マンガ「在庫管理の魔術」の第7話は コチラ 。
多数の店舗を持つチェーンストアでは在庫の偏在が必ず発生します。ある商品が、こちらの店では欠品になっているのに、あちらの店では在庫が豊富にあるという状況です。店舗数が増えれば増えるほど、この偏りが大きくなることは想像に難くないでしょう。
在庫の偏在がある状況では、仕入れ担当者は欠品した店が販売機会の損失を防ぐために、ほかの店で在庫がだぶついているにも関わらず、追加発注を検討することになります。これもチェーンストア全体において、過剰在庫が発生する原因のひとつです。
この在庫の偏在を解消する鍵となるのが「クロスシッピング」、すなわち店舗間、倉庫間で在庫を融通し合う在庫移動の仕組みです。この頻度を高めると、在庫の偏在が減り、需要にあわせた、在庫の平準化が可能になります。
もう一つのテーマである「成長資金の最大化」というのは、今回のストーリーの後半に出てきた「投資収益率」に関連するものです。投資収益率とは、「投資に対して、どれだけ営業利益を生み出せたか」を表す指標です。
計算式は (営業利益 ÷ 投資額) × 100。
アパレル店舗の出店においては、この式の中の「投資額」に出店コストや敷金・保証金、内装費、在庫額などが含まれます。これらのうちで金額が大きく、かつ変動が大きいのが在庫額です。実際に、主人公の徹が店長を務める渋谷店では、在庫を4分の1に減らすという大胆な取り組みで、営業利益を約3倍にまで伸ばすことに成功しました。前述の式に当てはめて、ざっと計算すると、分母(在庫額)が4分の1に、分子(営業利益)が3倍になったために、在庫の投資収益率が10倍以上になったわけです。
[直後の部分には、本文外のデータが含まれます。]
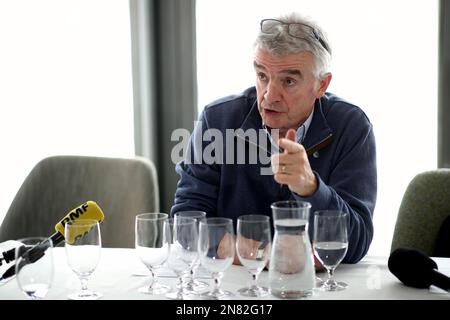 Krakau, Polen. 07. Februar 2023. Michael O'Leary, CEO der Ryanair-Gruppe, spricht auf einer Pressekonferenz im Kossak Hotel, auf der die 80 Strecken von Ryanair in Polen gefeiert werden. Kredit: SOPA Images Limited/Alamy Live News Stockfoto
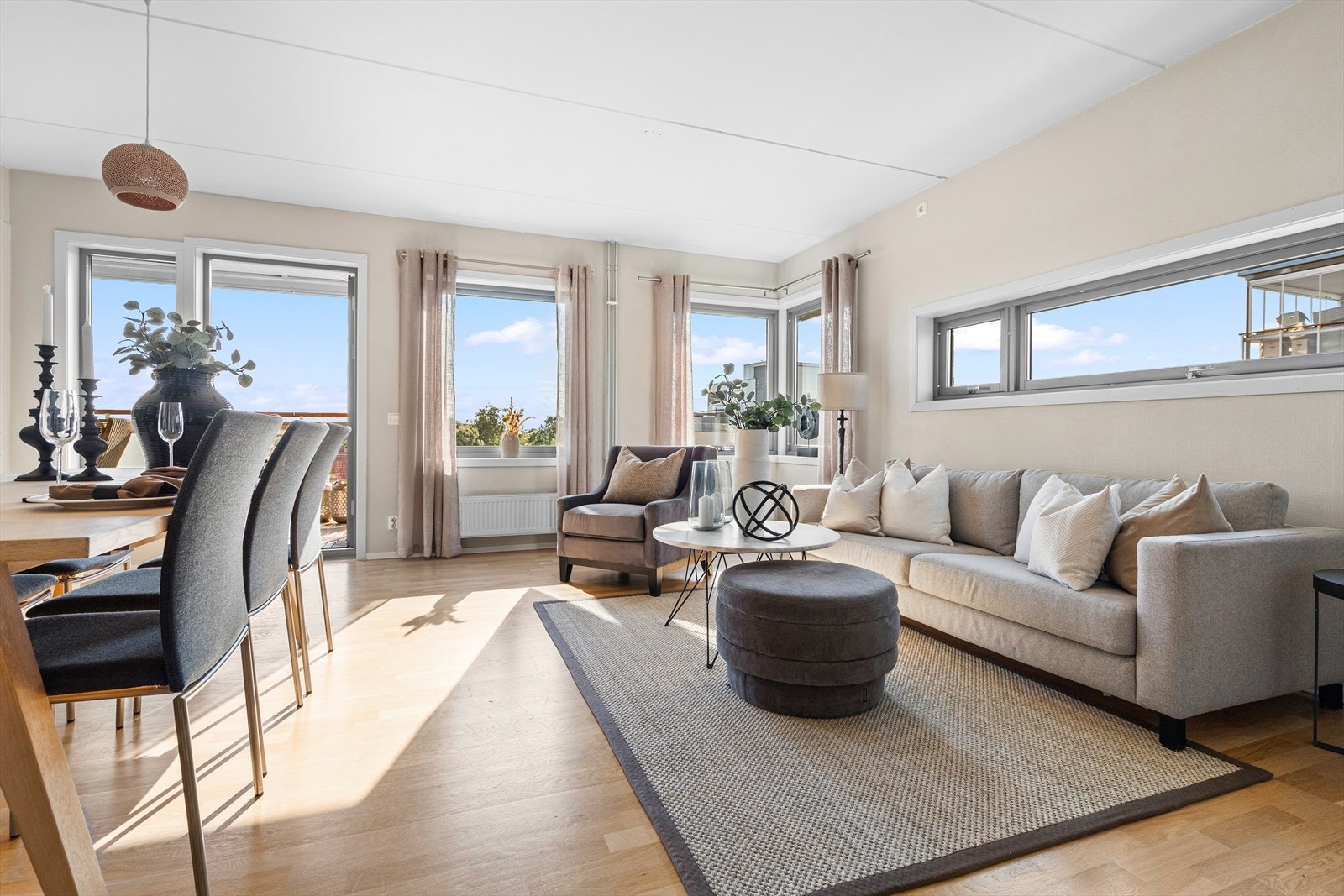 Grønt, åpent og fint utsyn fra stuen - her er det ingen sjenerende innsyn Galleribilde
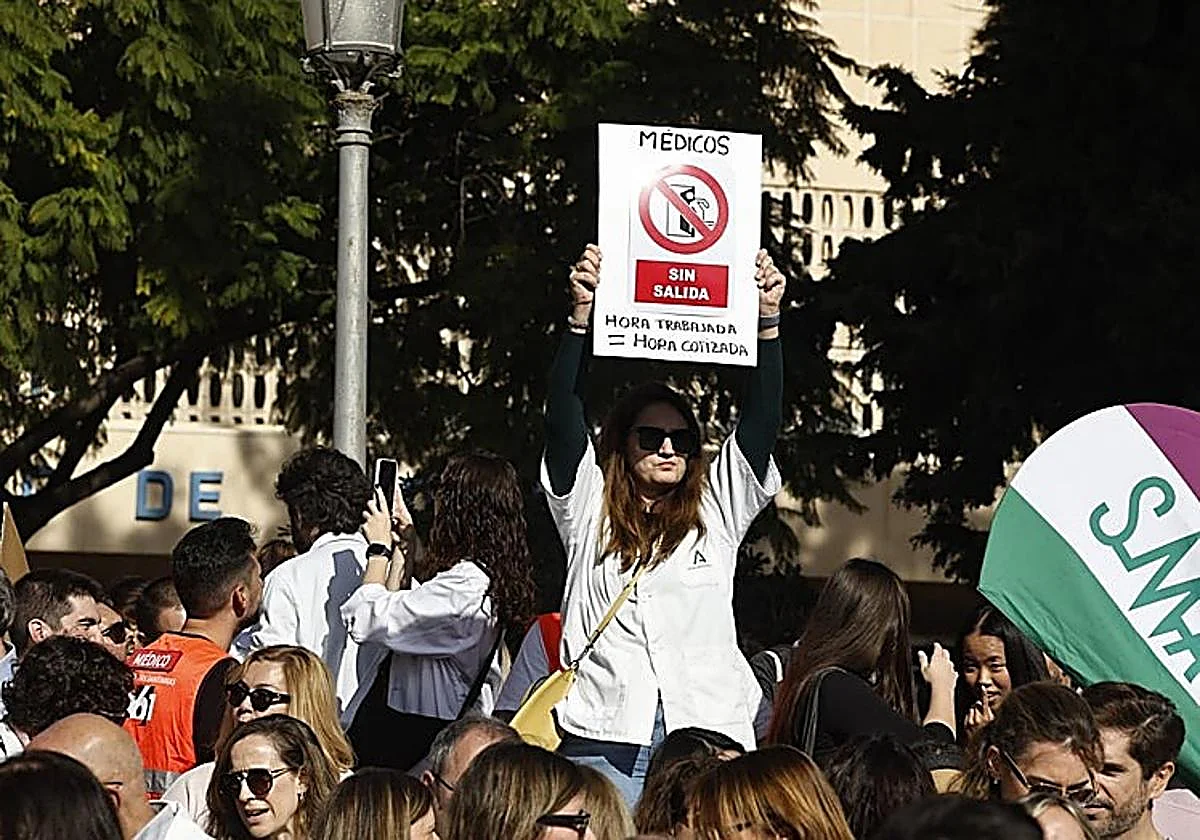 La Junta de Andalucía cifra en cerca de 300.000 los actos suspendidos por la huelga de médicos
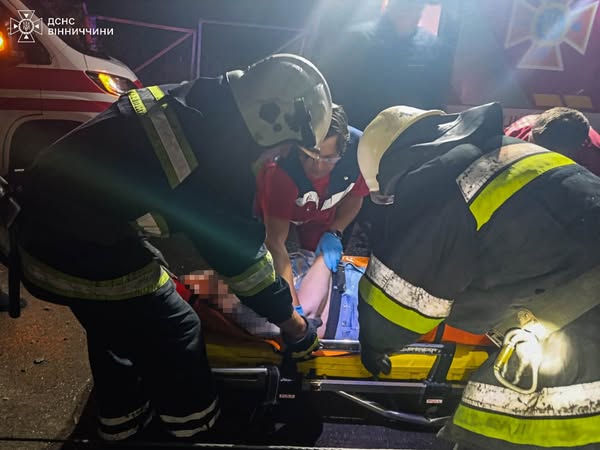 ДТП на Вінниччині: жінку затисло в понівеченому мікроавтобусі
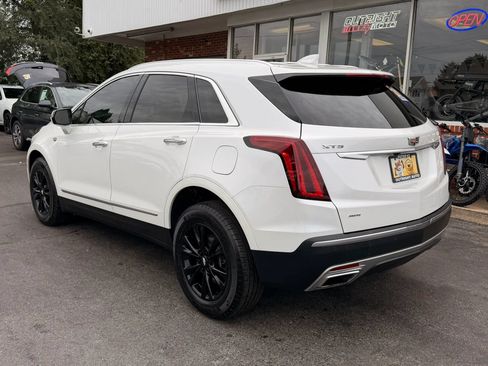Used 2021 Cadillac XT5 Premium Luxury AWD/4WD image 2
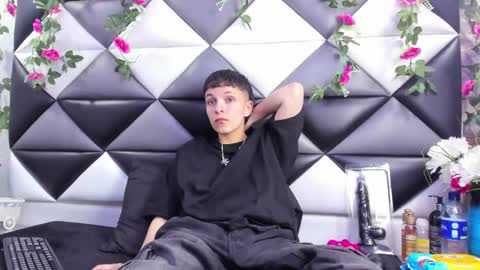 Snapshot of megan_thompsonn_ chatting on 10-04-25, 02:53 megan_thompsonn_ online show from 10-04-25, 02:53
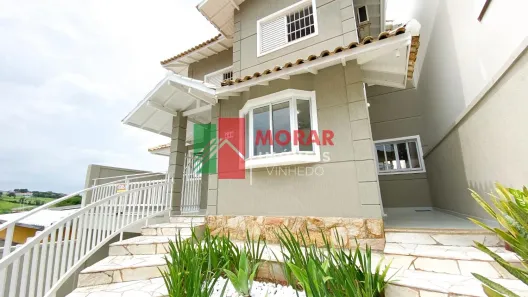 Sobrado com 3 Quartos à venda, 217m² no Santa Rosa, Vinhedo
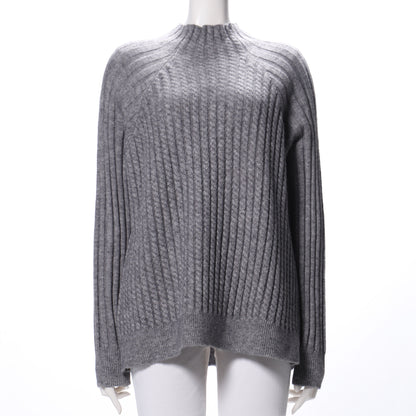 ケーブル編みボトルネックニット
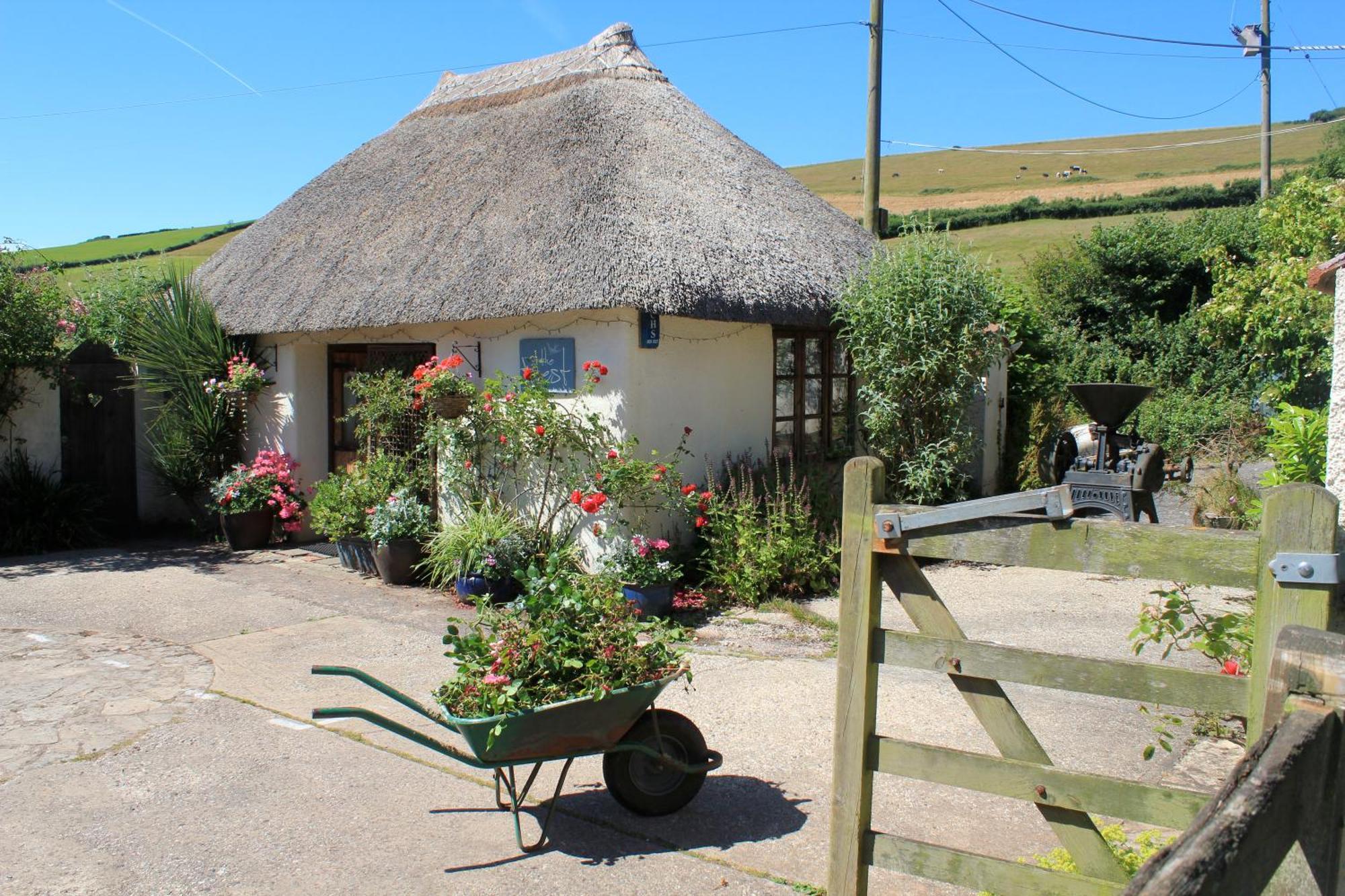 The Nest - Thatched Seaside Country Cottage For Two Stokeinteignhead Zewnętrze zdjęcie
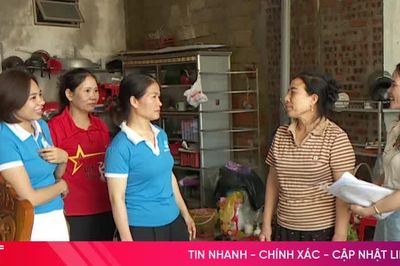 Nữ trưởng thôn vượt lên nghịch cảnh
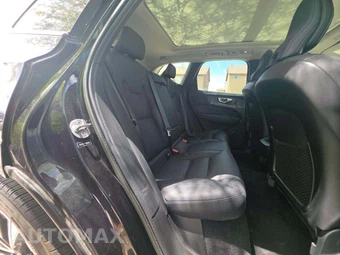 2023 Volvo XC60 B5 Plus Bright Theme - miniatura 16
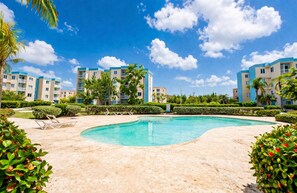 Pool - Beach-Style Apartment- Serena Village Punta Cana (Punta Cana)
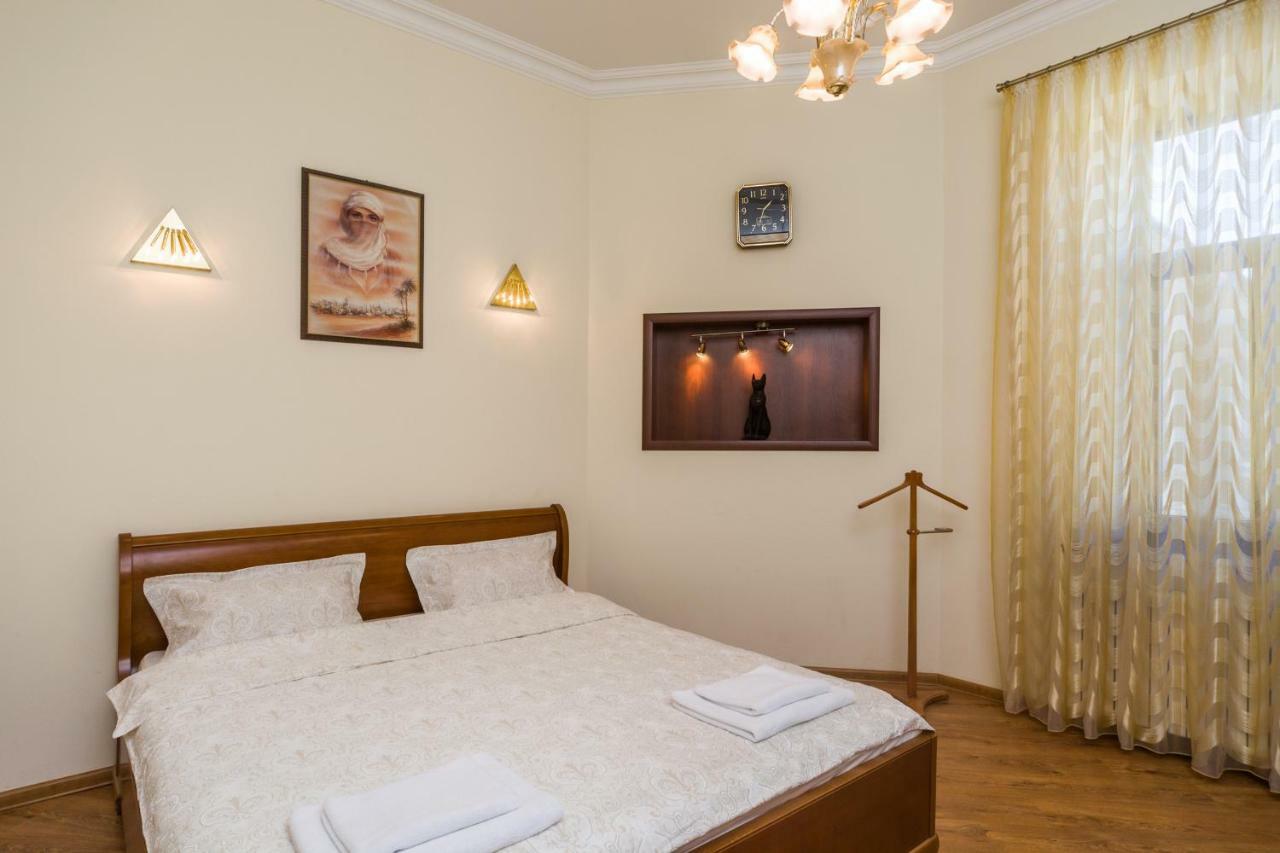 Apartamenty Na Sofievskoy Odessa Exterior photo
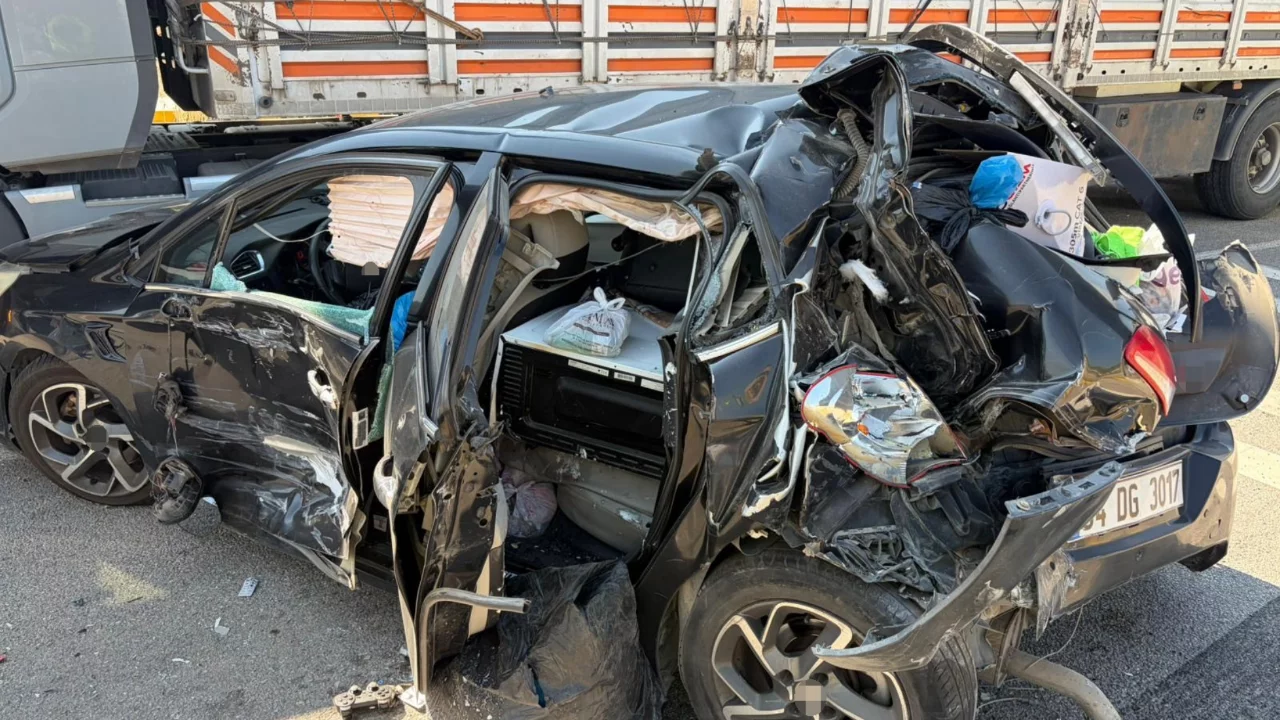 Karabük'te zincirleme trafik kazası! 2 yaralı var...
在庫を4分の1に出来たら、残りの4分の3はフリーキャッシュフロー(余剰資金)になるわけで、これを成長のための投資に回せば、どれだけの可能性が広がるでしょうか。極論ですが、今までの4倍分の出店が可能になるのです。店舗で働く人は、販売機会を失いたくないので在庫をできるだけ多く持ちたいと考えていますが、経営者は限られた資金で会社を運営しています。在庫を減らして浮いた資金を、成長のための投資に回せたら――新規出店、システム投資、賃上げなど、未来への選択肢が一気に広がるはずです。